## Exercise:
Beginning with the first line, retype exactly the records below up to and including the line with "Electricity — it's"; pictures do not belong in the copy.

## Stored data entries:
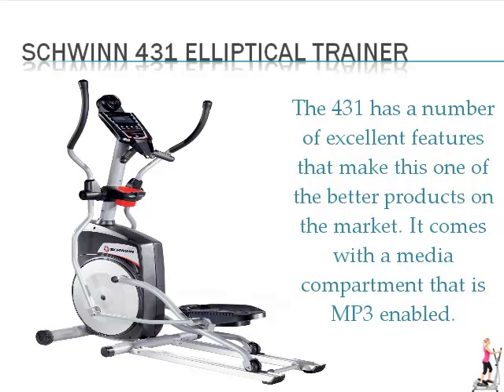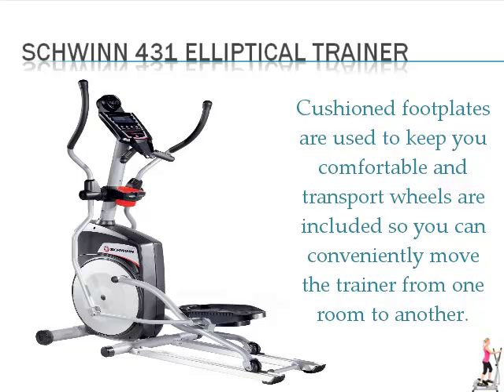The 431 has a number of excellent features that make this one of the better products on the market. It comes with a media compartment that is MP3 enabled. Cushioned foot plates are used to keep you comfortable and transport wheels are included so you can conveniently move the trainer from one room to another.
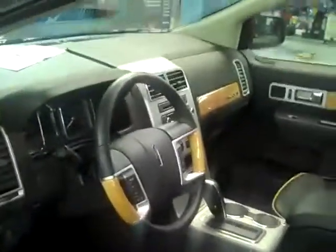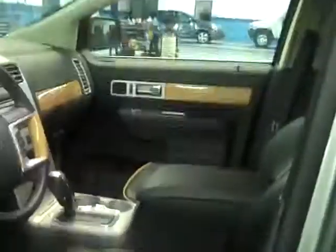Nice wood grain appointment on the steering wheel, dash, door panels, memory seats, heated seats — pretty much got it all, folks. Got that nice piping to match the wood on the inside.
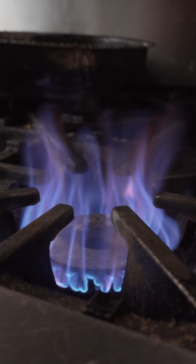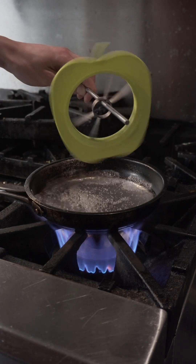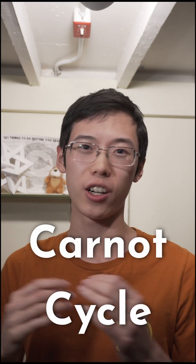Electricity — it's good stuff. But did you know that most of it's still made by burning things to heat water and make steam that then gets used to spin a generator? This ancient technique maxes out at around 50% efficiency, limited by the efficiency of something called the Carnot cycle.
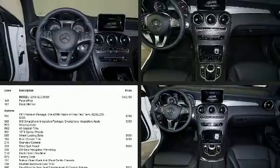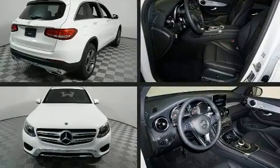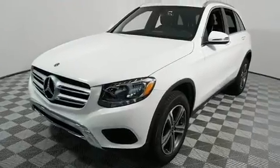You can expect a lot from the 2019 Mercedes-Benz GLC. It features an automatic transmission, rear-wheel drive, and a 2.0-liter four-cylinder engine. A turbocharger is also included as an economical means of increasing performance.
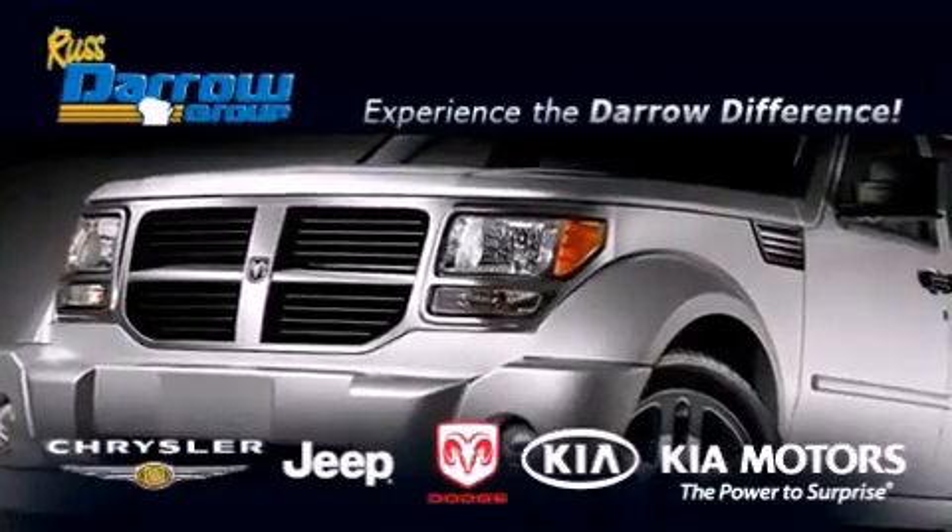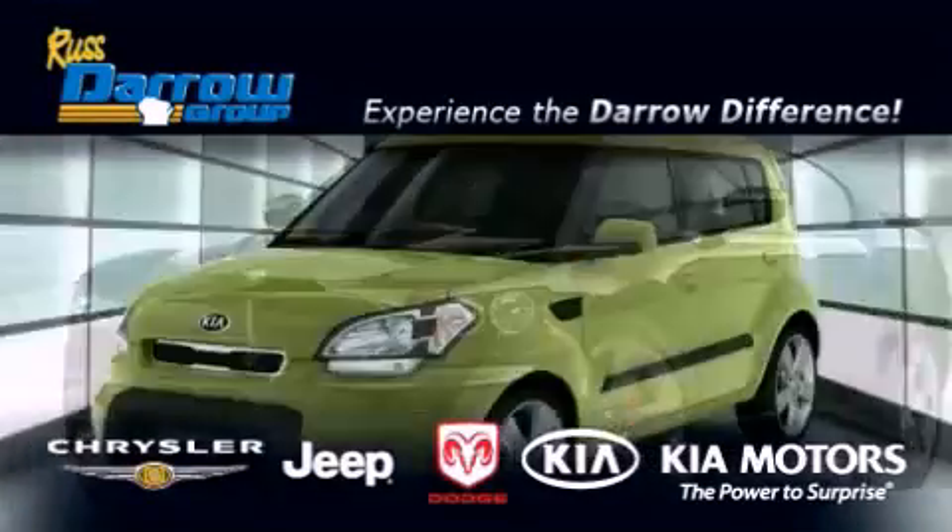Get the Darrell difference today, only at Russ Darrell Kia Chrysler Jeep Dodge Madison.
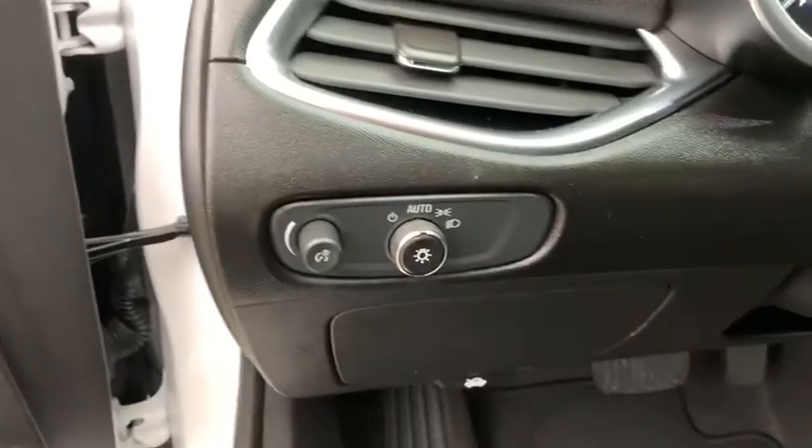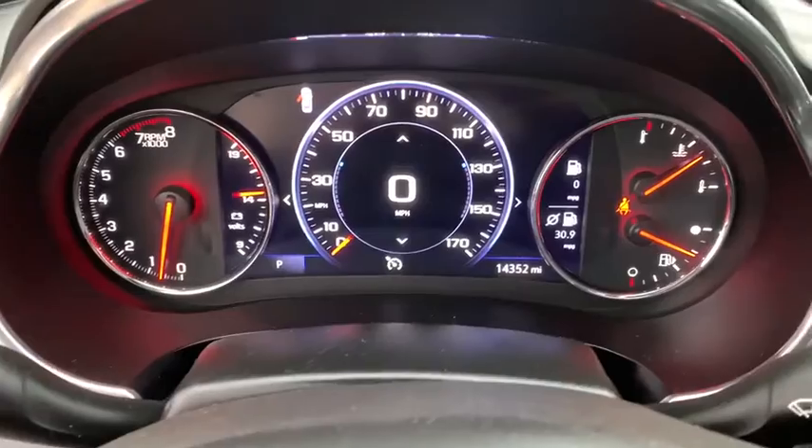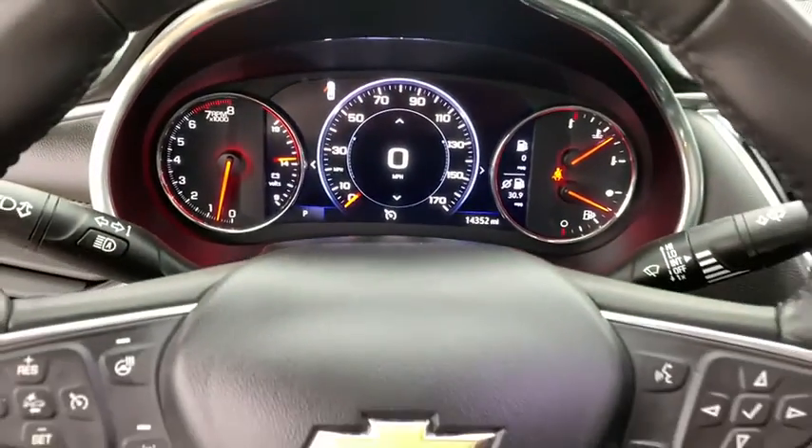Aluminum wheels, cruise control, center armrest, rear window defroster, power windows, electronic stability control, security system, heated steering wheel, compass, power locks.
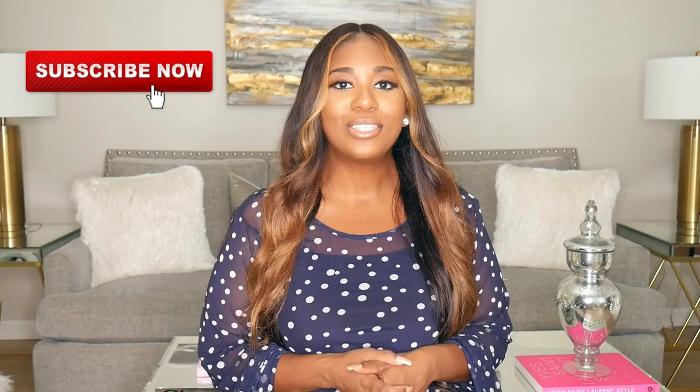Hey everyone, welcome back to my channel. If you're new here, my name is Brittany. I focus on fashion, beauty, and lifestyle, so if that seems like something you may be interested in, please think about clicking that subscribe button if you enjoy the content. If you are already subscribed, go ahead and click on that notification bell so that you don't miss any of my uploads.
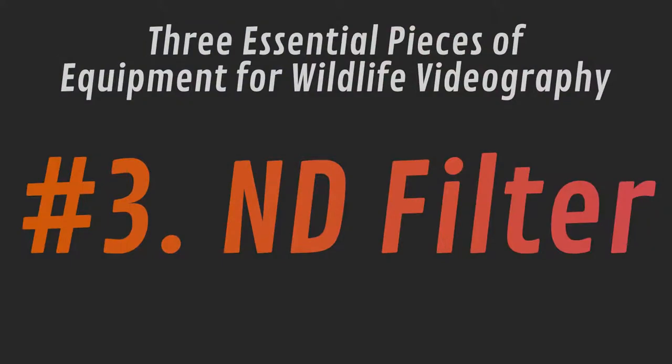What's the final item that you'll need — the most essential item perhaps? It's actually an ND filter. An ND filter is usually a circular piece of glass, and it's kind of dark — it stops some of the light from reaching the sensor, reducing the amount of light. Now this might seem strange because in wildlife photography there's never enough light. I'm always removing noise from images and trying to get as much light onto that sensor as possible.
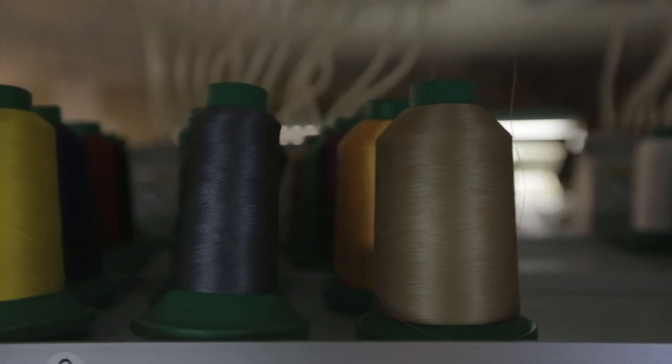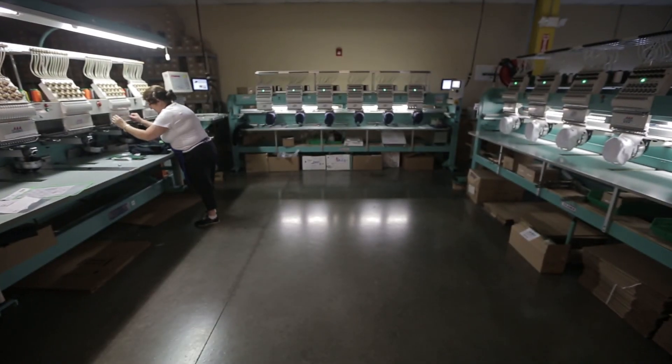When the embroidery process is complete, each item is inspected for stray threads and a clean professional finish.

## Solution:
The 431 has a number of excellent features that make this one of the better products on the market. It comes with a media compartment that is MP3 enabled. Cushioned foot plates are used to keep you comfortable and transport wheels are included so you can conveniently move the trainer from one room to another.
Nice wood grain appointment on the steering wheel, dash, door panels, memory seats, heated seats — pretty much got it all, folks. Got that nice piping to match the wood on the inside.
Electricity — it's good stuff. But did you know that most of it's still made by burning things to heat water and make steam that then gets used to spin a generator? This ancient technique maxes out at around 50% efficiency, limited by the efficiency of something called the Carnot cycle.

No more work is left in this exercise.